Supposing this procedure was supported in 8.2, I think this a bug in the 9.0 *-bootonly installation media.


----------



## bunnylover (Feb 10, 2012)

Have any of you had any success appending "bigraw" instead of "raw"?  I was having this exact problem until I changed the option to bigraw.  I will say that I'm using mfsBSD, therefore probably a much smaller image than those loading a copy of the distribution CD.  Just putting it out there, in case it helps someone.

http://www.syslinux.org/wiki/index.php/MEMDISK#Set_memory_access_method_.28raw.2C_bigraw.2C_int_.2C_safeint.29


----------



## wblock@ (Feb 11, 2012)

Just tried it in VirtualBox.  It gets to "Building the boot loader arguments", shows the spinner slash, and then stops with the CPU at 100%.


----------



## lory (Feb 13, 2012)

bunnylover said:
			
		

> Have any of you had any success appending "bigraw" instead of "raw"?  I was having this exact problem until I changed the option to bigraw.  I will say that I'm using mfsBSD, therefore probably a much smaller image than those loading a copy of the distribution CD.  Just putting it out there, in case it helps someone.
> 
> http://www.syslinux.org/wiki/index.php/MEMDISK#Set_memory_access_method_.28raw.2C_bigraw.2C_int_.2C_safeint.29



It tr*ies* to mountroot from CD, maybe 'nfsroot' doesn't read.


----------



## valuequest (Feb 13, 2012)

bunnylover said:
			
		

> Have any of you had any success appending "bigraw" instead of "raw"?



In my case passing the 'bigraw' option instead of the 'raw' option to memdisk does not seem make any difference... with both options I get the same stop that rhlampe posted above.

Is there perhaps some option that needs be entered at the loader command line?


----------



## da1 (Feb 14, 2012)

http://stefankonarski.de/content/freebsd-9-pxe-boot-und-bsdinstall-installieren in german, but quite easy to understand.


----------



## lory (Feb 14, 2012)

da1 said:
			
		

> http://stefankonarski.de/content/freebsd-9-pxe-boot-und-bsdinstall-installieren in german, but quite easy to understand.



Yes, but if you want to have 8.2 i386 and amd64 and 9.0 i386 and amd64 PXE boot for install.

You can only have one option root-path in DHCP server.

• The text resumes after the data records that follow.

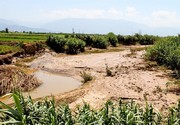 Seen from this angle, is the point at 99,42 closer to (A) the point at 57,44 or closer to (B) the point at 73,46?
(B) the point at 73,46

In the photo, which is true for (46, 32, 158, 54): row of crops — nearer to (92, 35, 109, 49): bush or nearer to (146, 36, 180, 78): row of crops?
(92, 35, 109, 49): bush

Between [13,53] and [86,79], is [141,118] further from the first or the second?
[13,53]

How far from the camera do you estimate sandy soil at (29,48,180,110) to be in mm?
13578

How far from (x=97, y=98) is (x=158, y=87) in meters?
3.75

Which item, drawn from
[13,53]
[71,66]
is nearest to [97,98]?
[71,66]

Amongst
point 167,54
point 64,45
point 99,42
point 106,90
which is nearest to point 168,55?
point 167,54

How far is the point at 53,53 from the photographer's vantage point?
31172 millimetres

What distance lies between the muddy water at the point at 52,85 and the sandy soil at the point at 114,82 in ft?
2.96

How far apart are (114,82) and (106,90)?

Or every time you must change config and restart service.


----------



## honza801 (Feb 14, 2012)

lory said:
			
		

> Yes, but if you want to have 8.2 i386 and amd64 and 9.0 i386 and amd64 PXE boot for install.
> 
> You can only have one option root-path in DHCP server. Or every time you must change config and restart service.

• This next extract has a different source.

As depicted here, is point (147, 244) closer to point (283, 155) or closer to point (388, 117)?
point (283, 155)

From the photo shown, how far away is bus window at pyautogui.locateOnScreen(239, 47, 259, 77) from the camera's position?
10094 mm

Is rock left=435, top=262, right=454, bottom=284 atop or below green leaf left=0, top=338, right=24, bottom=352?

*Y*ou can simply configure several different groups for the hosts in DHCP config.


----------



## honza801 (Feb 14, 2012)

da1 said:
			
		

> http://stefankonarski.de/content/freebsd-9-pxe-boot-und-bsdinstall-installieren in german, but quite easy to understand.

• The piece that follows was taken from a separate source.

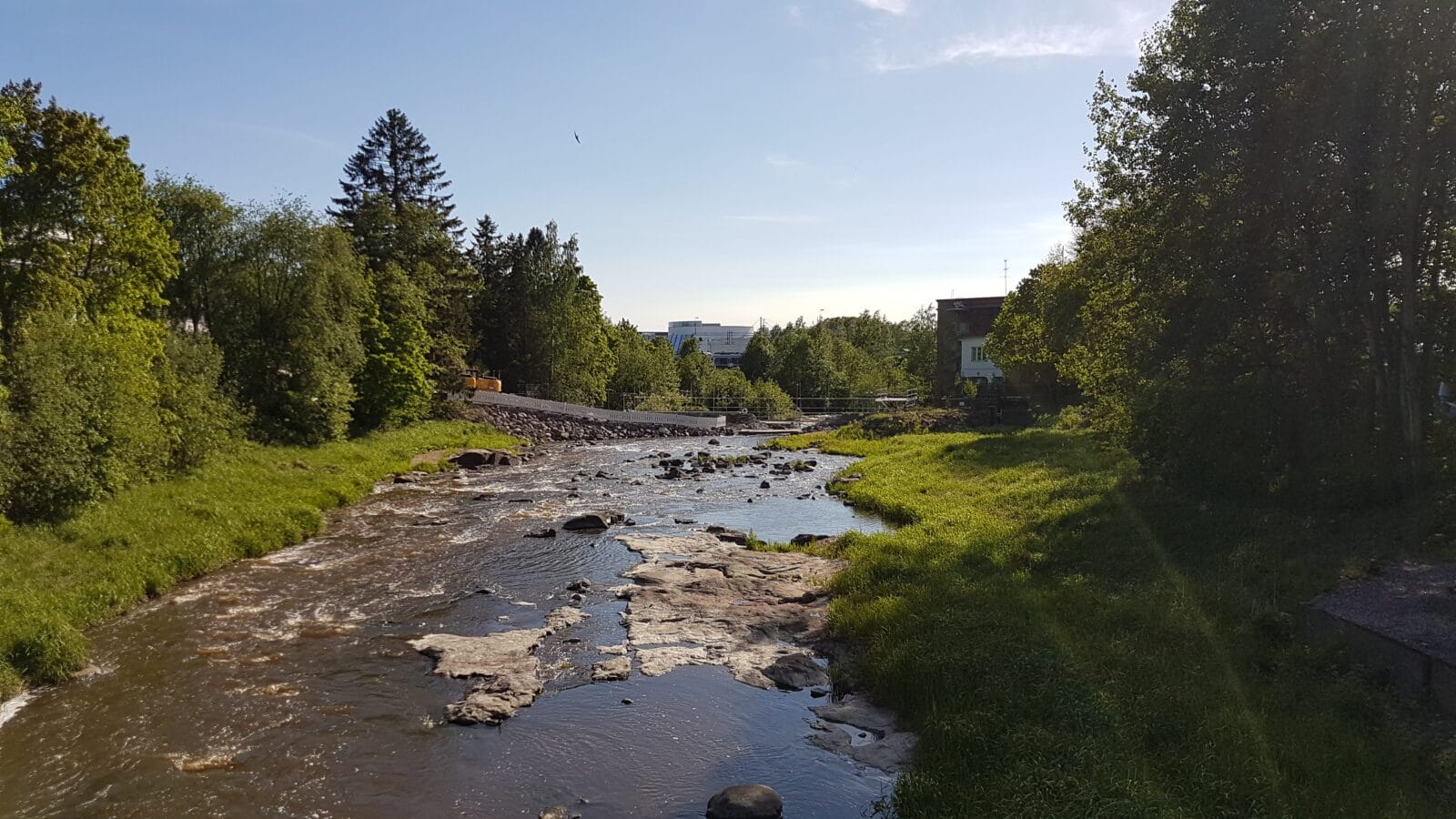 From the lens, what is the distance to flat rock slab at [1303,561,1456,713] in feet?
29.0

This tutorial also uses NFS root. I'm trying to install directly from bootonly iso via PXE


----------



## honza801 (Feb 14, 2012)

bunnylover said:
			
		

> Have any of you had any success appending "bigraw" instead of "raw"?  I was having this exact problem until I changed the option to bigraw.  I will say that I'm using mfsBSD, therefore probably a much smaller image than those loading a copy of the distribution CD.  Just putting it out there, in case it helps someone.
> 
> http://www.syslinux.org/wiki/index.php/MEMDISK#Set_memory_access_method_.28raw.2C_bigraw.2C_int_.2C_safeint.29



The "bigraw" option ain't working for me.


----------



## rhlampe (Feb 15, 2012)

bunnylover said:
			
		

> I will say that I'm using mfsBSD, therefore probably a much smaller image than those loading a copy of the distribution CD.  Just putting it out there, in case it helps someone.



Booting the mfsBSD ISO from syslinux works great!


----------



## Schorschi (Feb 27, 2012)

*Same issue for me as well*

Even after I added the following to loader.conf...

`echo 'vfs.root.mountfrom="ufs:/dev/md0"' >> /tmp/img/boot/loader.conf`

Where /tmp/img is path to my /dev/md0 disk image I later zip and use with PXE Linux based PXE/SysLinux/TFTP.

When the failure to find the /dev/md0 device as vfs.root.mountfrom returns error 19, and drops to the 'OK' prompt.  Listing the available boot devices, md0 does not exist.


----------



## brd@ (Mar 23, 2012)

I have a blog entry that addresses some of this:

http://blogs.freebsdish.org/brd/2012/03/23/pxe-booting-freebsd-9/

Sorry it does not address the use of syslinux, just the native FreeBSD tools.


----------



## maitre (May 4, 2012)

I can't even believe this ISO approach isn't the standard for most of you; once you go PXE, you simply do not go back to NFS!

That said, thanks to all who tried to help out with this issue.  It took a lot of refined searching to finally find the solution to this, but this blog post seemed to do it for me:

http://zewaren.net/site/?q=node/82

(The basic idea being, fetch a stock mfsBSD ISO, build a smallish 32MB disk image, and copy the boot/root bits over.  Then, importantly, you boot the image via MemDisk using the parameters: "harddisk raw".)


----------



## fdge (Jun 13, 2012)

Having to jump through so many hoops to PXE install is the main reason I am not experimenting more with FreeBSD.


----------